━━━━━ DATA FOR THIS EXERCISE ━━━━━

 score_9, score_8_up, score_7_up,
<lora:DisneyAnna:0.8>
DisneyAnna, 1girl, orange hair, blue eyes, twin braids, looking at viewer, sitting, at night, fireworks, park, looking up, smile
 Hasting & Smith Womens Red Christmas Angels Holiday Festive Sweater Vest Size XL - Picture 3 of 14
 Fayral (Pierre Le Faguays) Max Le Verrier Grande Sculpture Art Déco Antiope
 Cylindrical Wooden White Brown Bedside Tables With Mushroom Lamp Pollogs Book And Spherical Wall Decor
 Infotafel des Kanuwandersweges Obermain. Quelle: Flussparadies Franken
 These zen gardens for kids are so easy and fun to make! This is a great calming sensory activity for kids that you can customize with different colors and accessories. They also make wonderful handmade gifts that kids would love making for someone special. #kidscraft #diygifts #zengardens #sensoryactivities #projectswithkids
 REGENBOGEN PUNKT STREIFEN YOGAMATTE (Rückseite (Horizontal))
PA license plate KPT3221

━━━━━
━━━━━ DATA FOR THIS EXERCISE ━━━━━

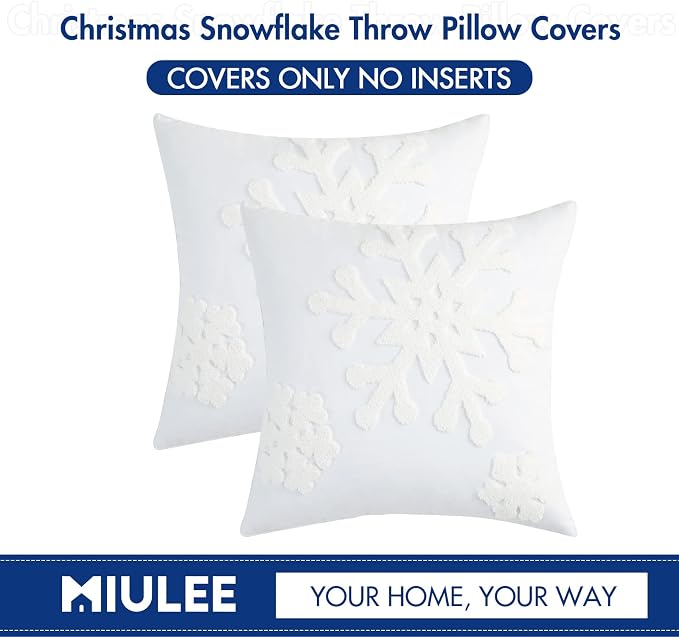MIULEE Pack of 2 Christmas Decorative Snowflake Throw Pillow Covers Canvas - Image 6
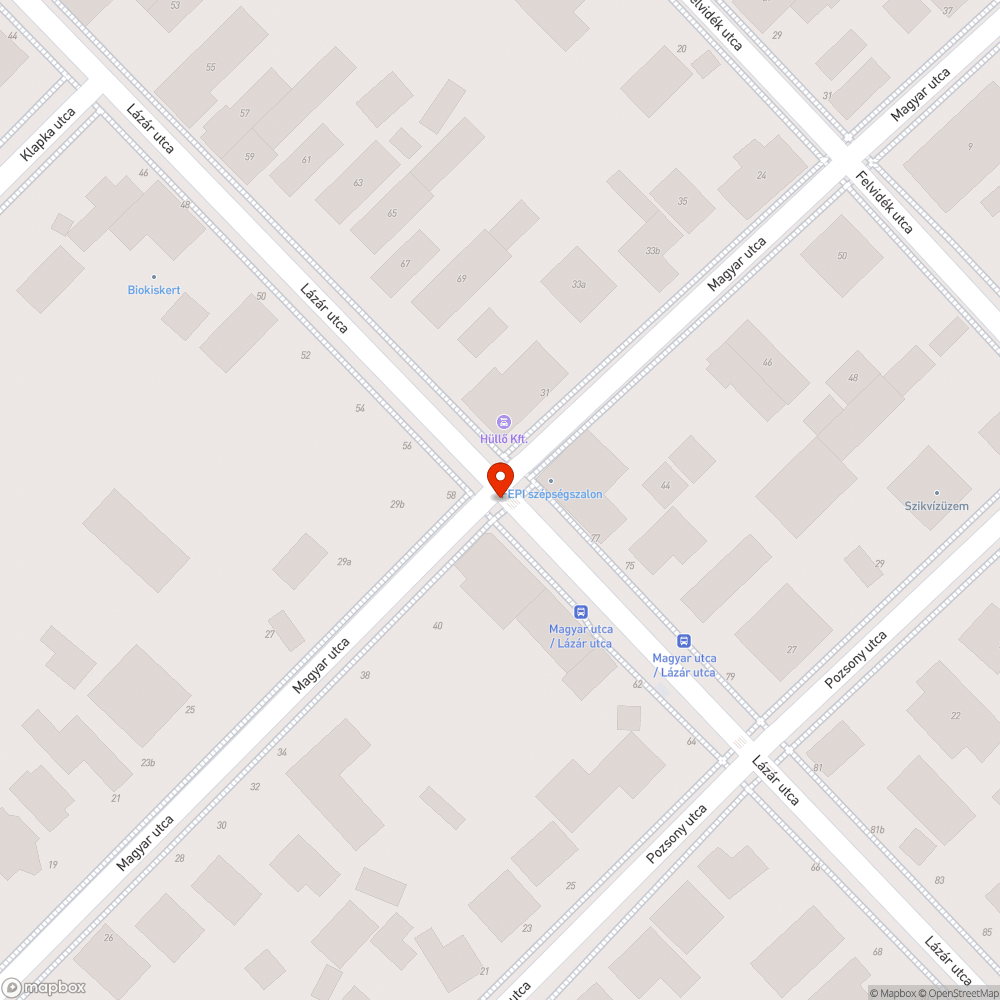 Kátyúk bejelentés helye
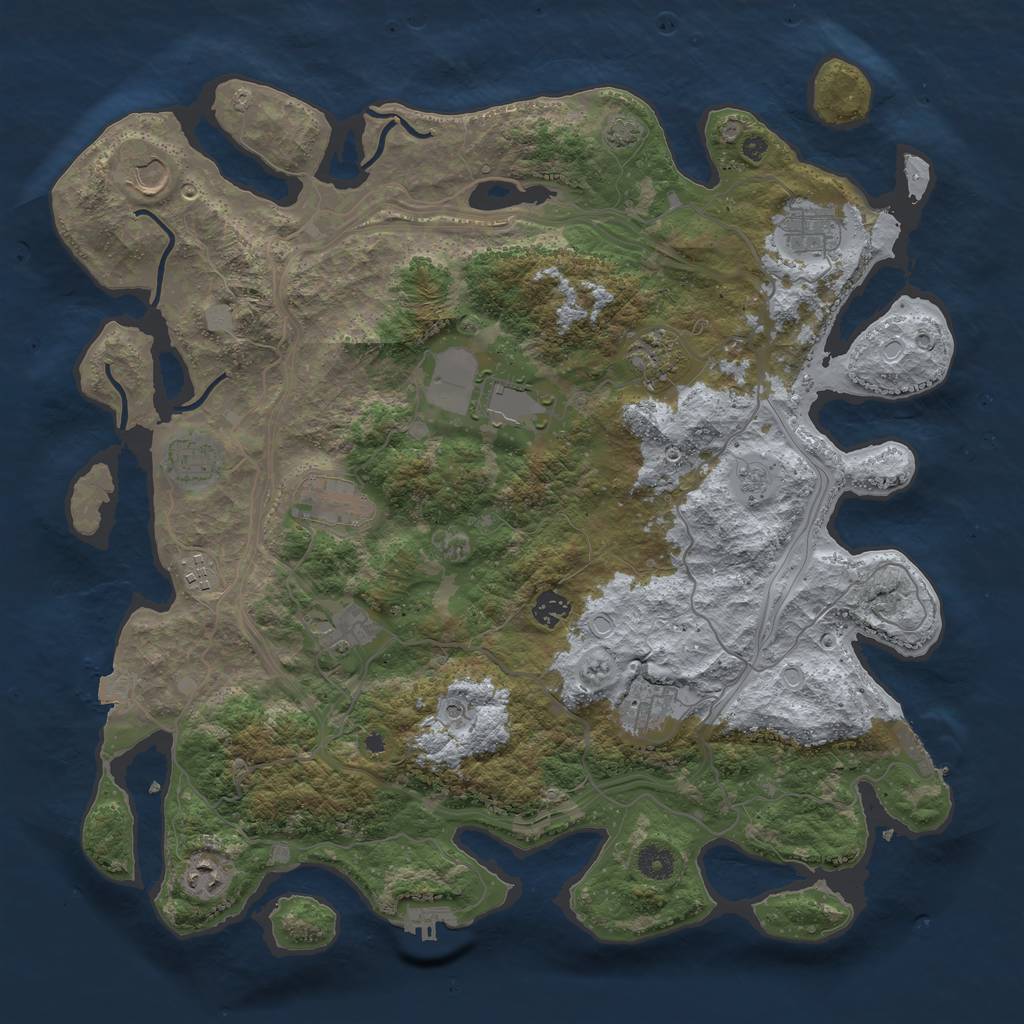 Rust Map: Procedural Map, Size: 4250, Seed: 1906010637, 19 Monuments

━━━━━
━━━━━ DATA FOR THIS EXERCISE ━━━━━

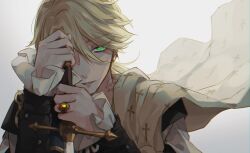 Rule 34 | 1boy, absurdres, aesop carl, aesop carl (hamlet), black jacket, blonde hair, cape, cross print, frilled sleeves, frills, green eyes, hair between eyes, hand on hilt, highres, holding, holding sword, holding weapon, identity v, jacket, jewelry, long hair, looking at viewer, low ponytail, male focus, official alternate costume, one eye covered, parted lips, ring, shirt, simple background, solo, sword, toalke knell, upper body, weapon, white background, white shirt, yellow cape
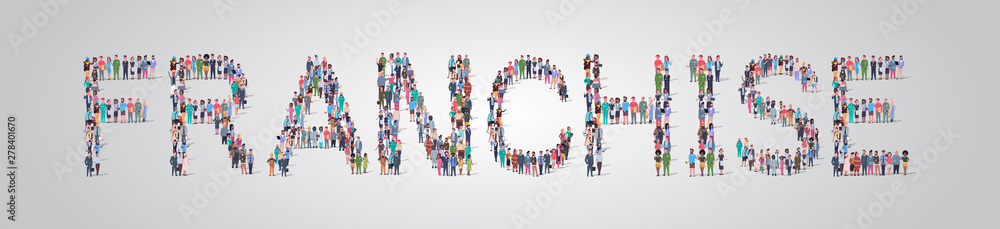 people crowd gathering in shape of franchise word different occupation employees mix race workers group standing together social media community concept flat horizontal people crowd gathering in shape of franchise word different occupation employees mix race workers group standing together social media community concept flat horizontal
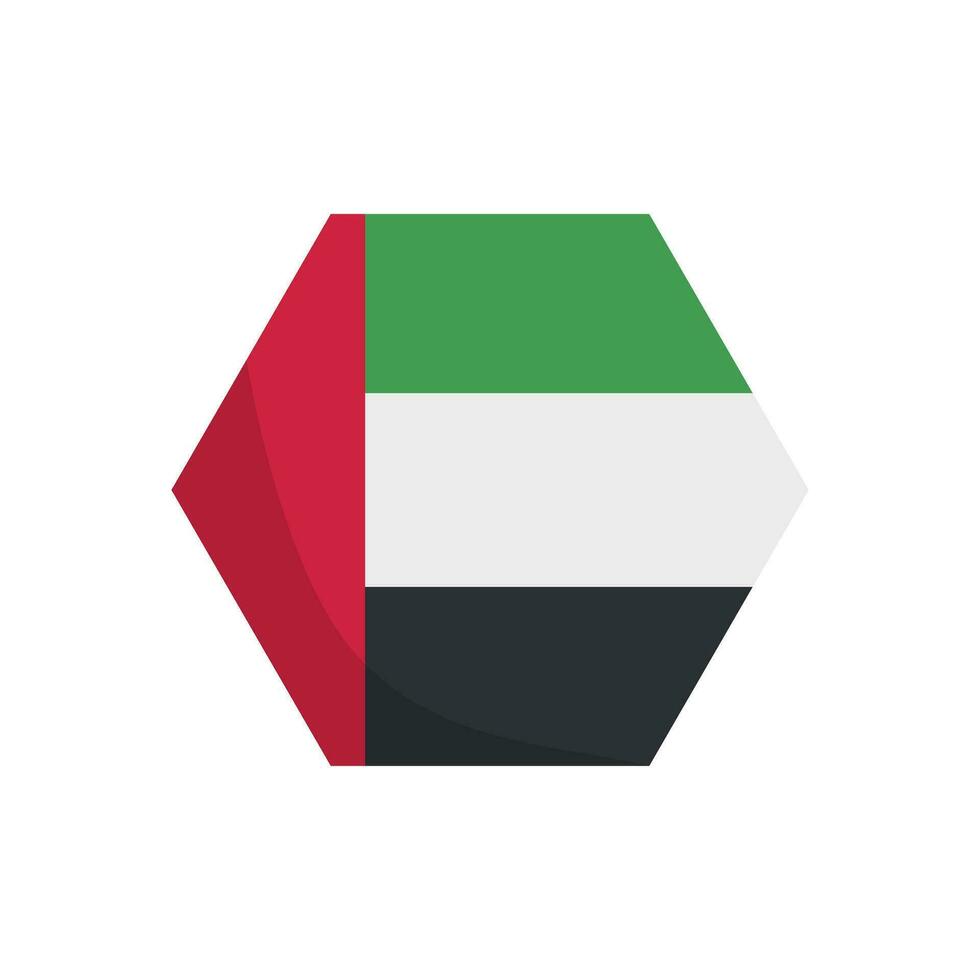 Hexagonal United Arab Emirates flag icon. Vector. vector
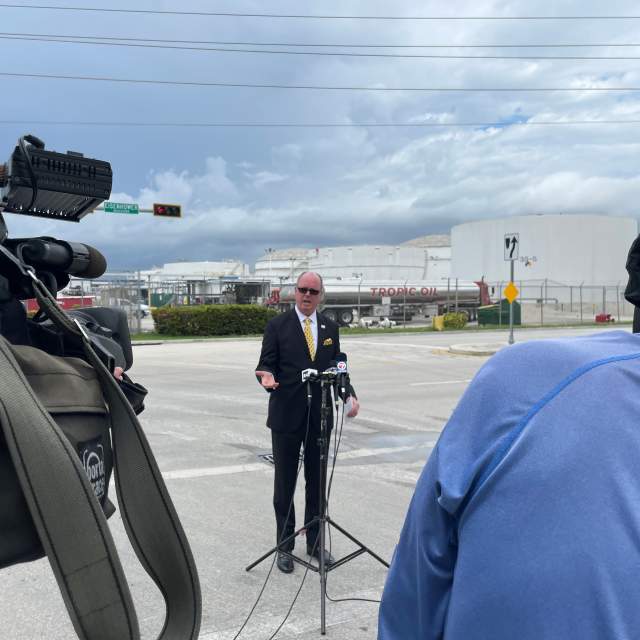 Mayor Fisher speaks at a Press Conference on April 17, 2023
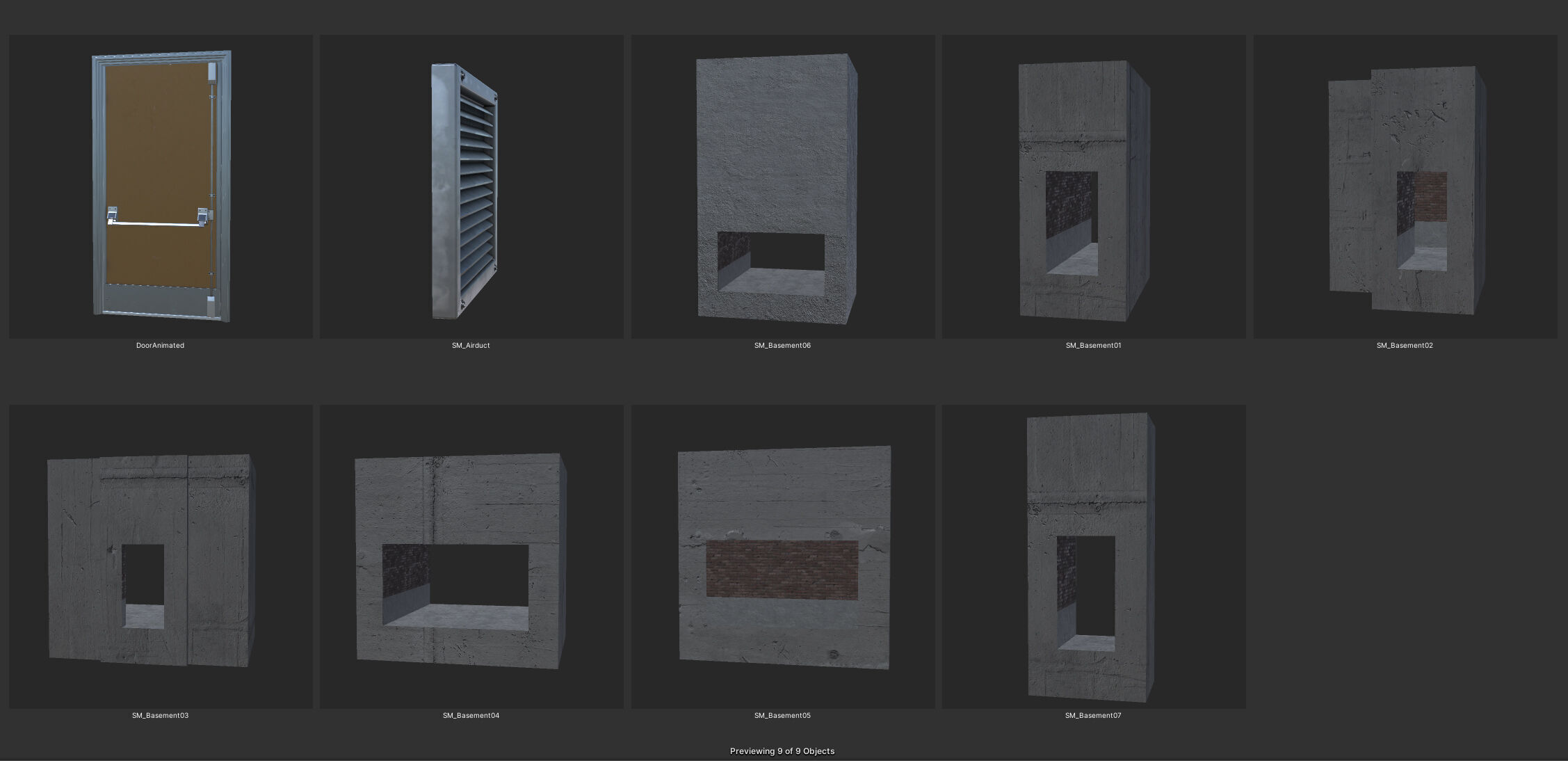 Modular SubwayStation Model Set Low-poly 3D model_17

━━━━━

WHAT YOU HAVE TO DO | Throughout the data, tally the lines that hold the string "DisneyAnna" and report the tally alone.

RESPONSE TO THIS EXERCISE | 2